[Short web captions]
Content starts
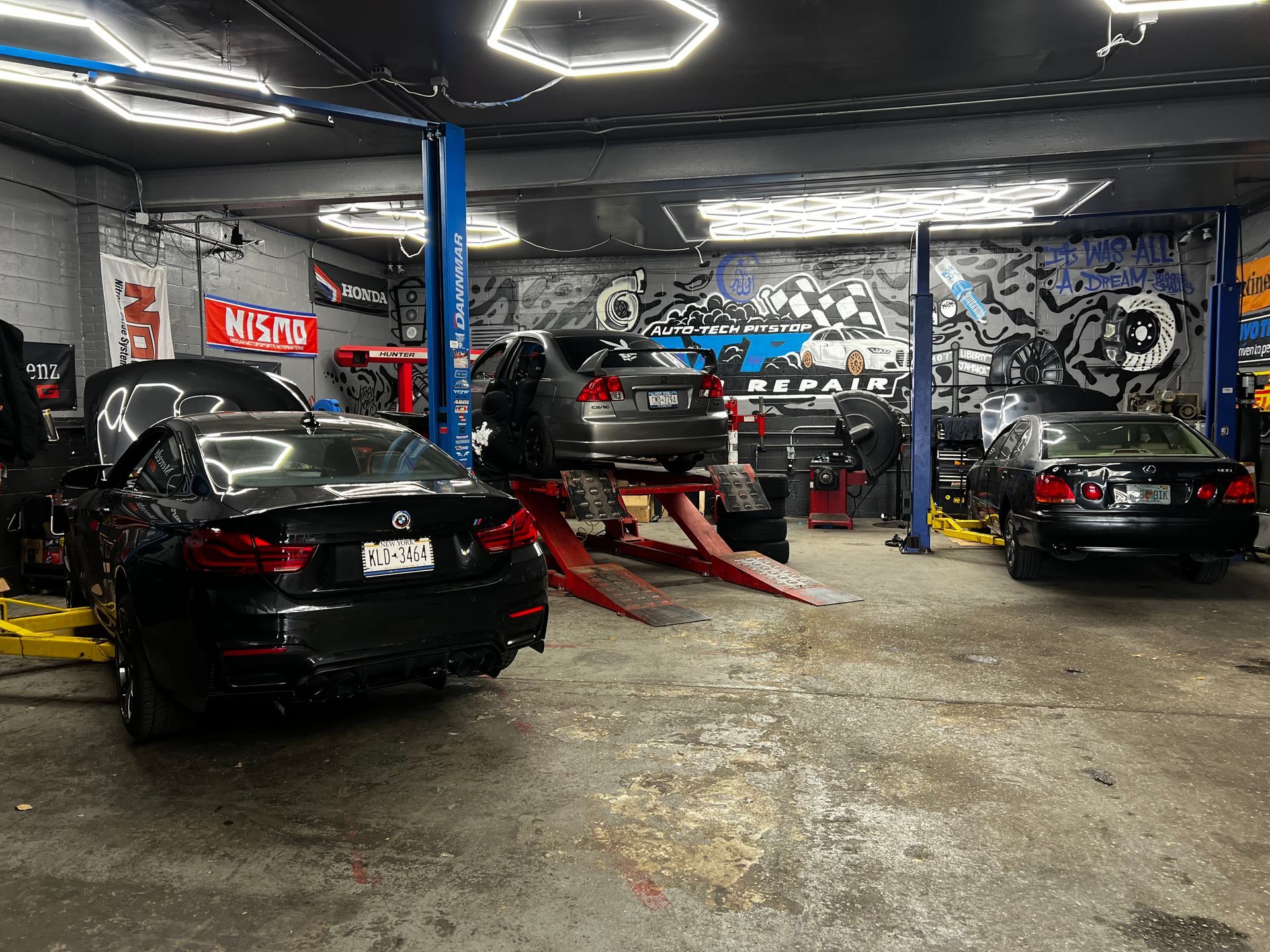 A row of cars are parked in a garage.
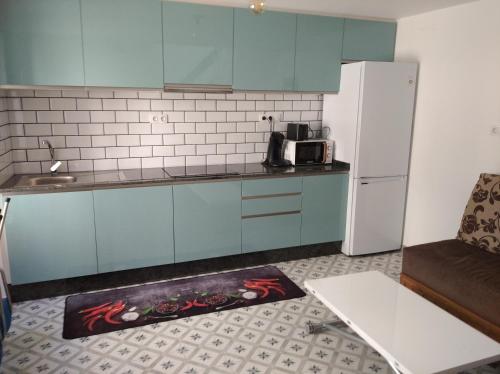 a kitchen with blue cabinets and a white refrigerator at A Travesía Dos Soños, Pedreiras in Sarria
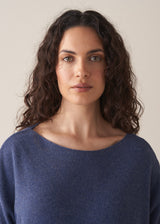Woman wearing a cornflower blue knit sweater with black wide leg trousers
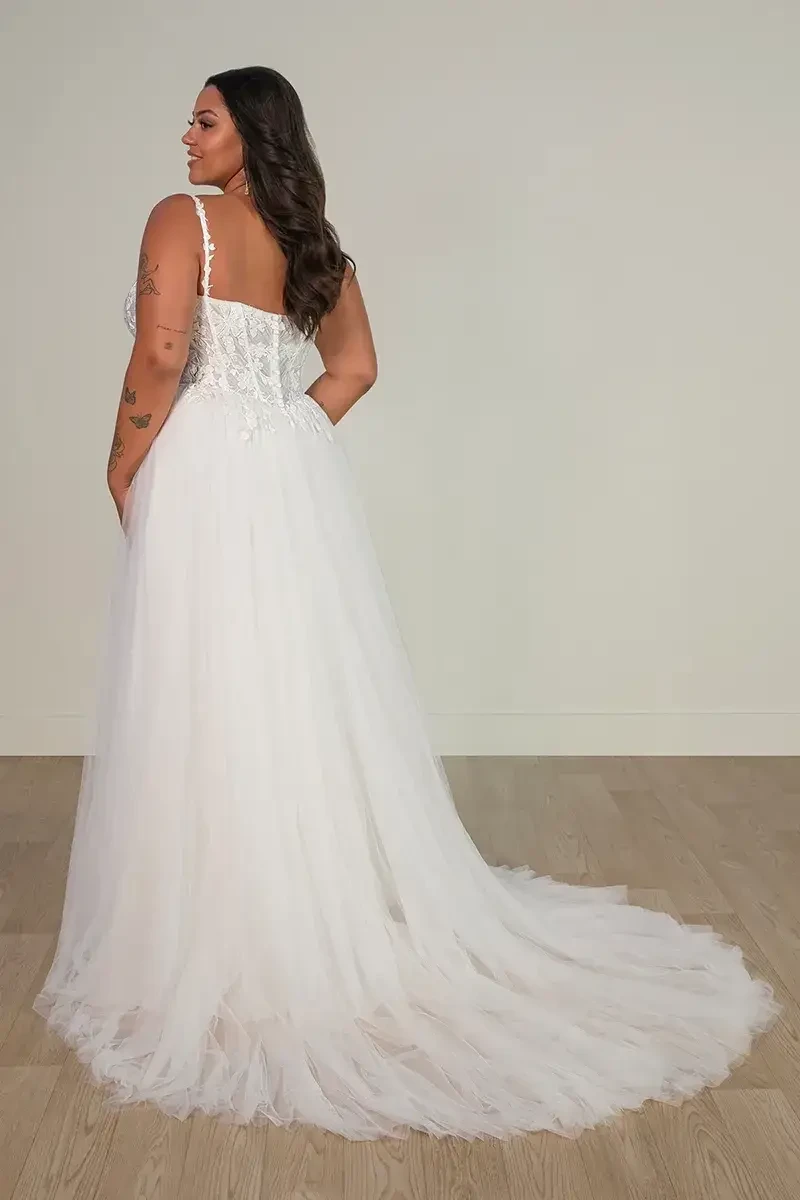 Model is wearing a sleeveless a-line plus size wedding dress 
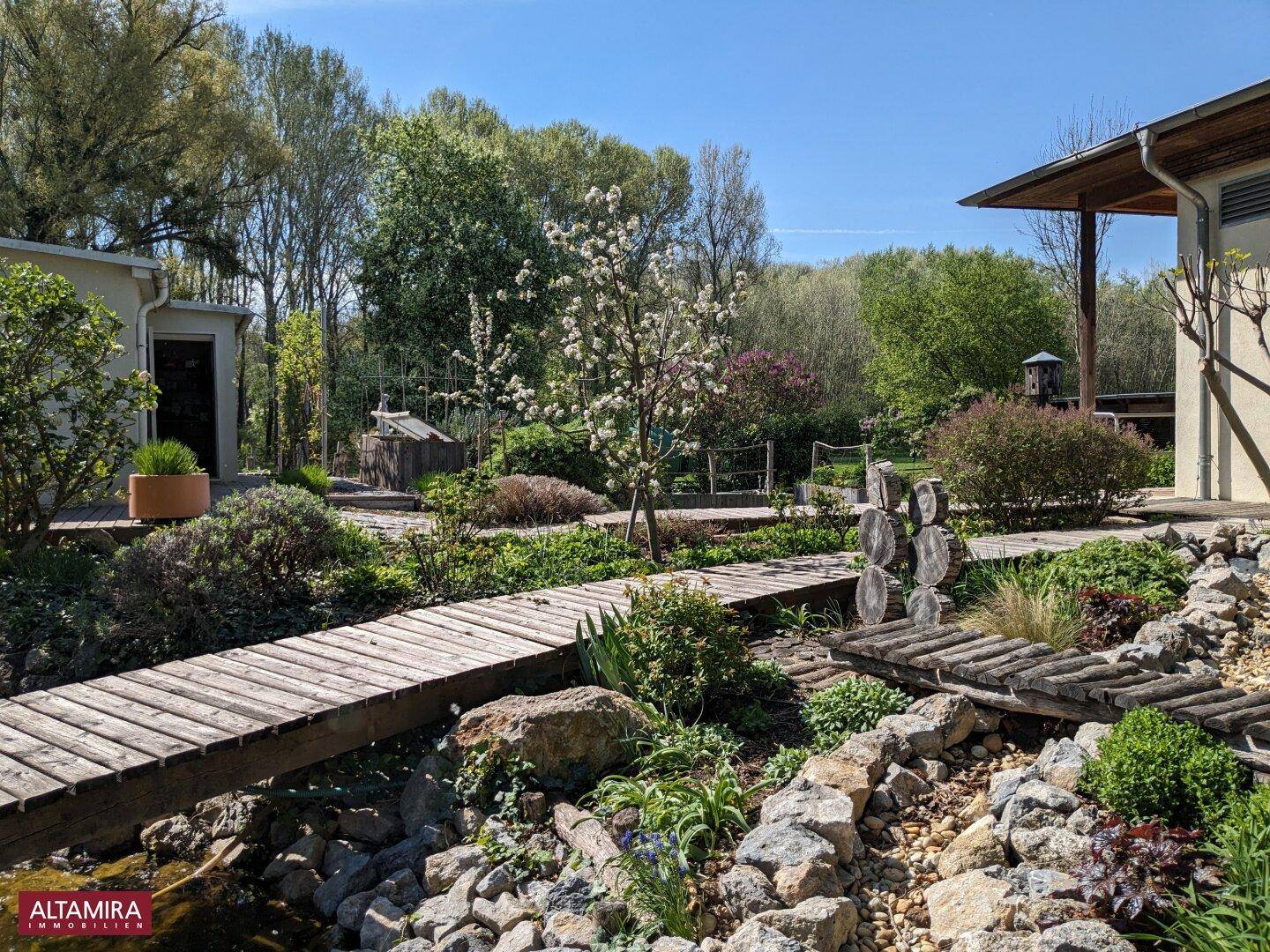Gepflegter Garten mit Holzsteg über einem Bachlauf, üppiger Bepflanzung und dem Gebäude im Hintergrund.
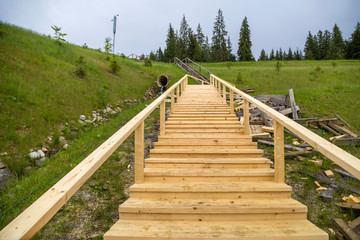 Obraz premium New wooden stairs outdoors. Carpenters work.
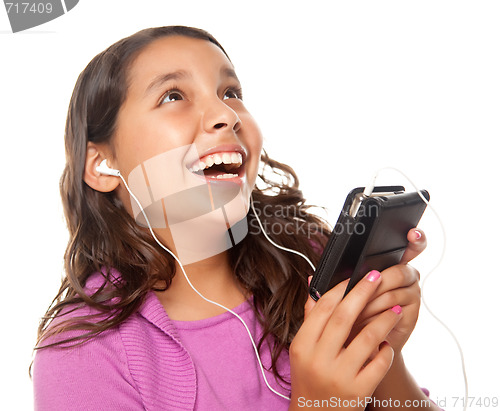 Image of Pretty Hispanic Girl Listening and Dancing to Music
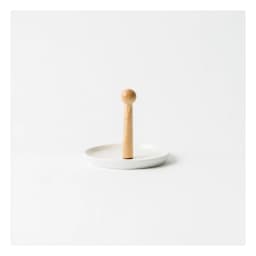 Round white porcelain serving plate with a tall, light wood central handle, on a beige table in a living room setting. - view 2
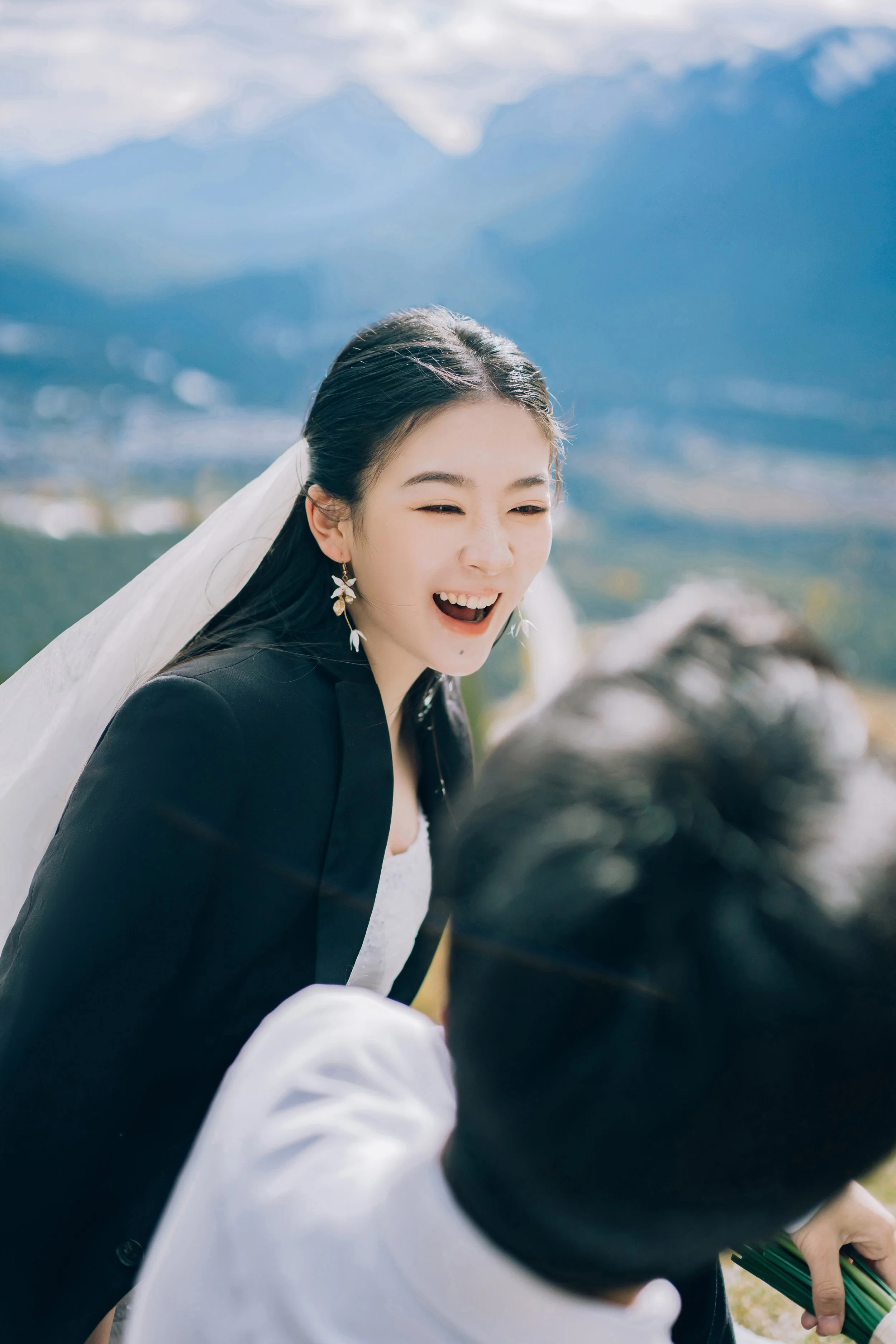 A woman dressed in wedding attire, smiling and laughing outdoors with mountains in the background.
Content ends
_EXERCISE AIM_. Write the lines from the one containing "Model is wearing" through the end of the data above exactly as they appear, and do not carry over any picture.

_ANSWER TO THIS EXERCISE_.
 Model is wearing a sleeveless a-line plus size wedding dress 
Gepflegter Garten mit Holzsteg über einem Bachlauf, üppiger Bepflanzung und dem Gebäude im Hintergrund.
 Obraz premium New wooden stairs outdoors. Carpenters work.
 Image of Pretty Hispanic Girl Listening and Dancing to Music
 Round white porcelain serving plate with a tall, light wood central handle, on a beige table in a living room setting. - view 2
 A woman dressed in wedding attire, smiling and laughing outdoors with mountains in the background.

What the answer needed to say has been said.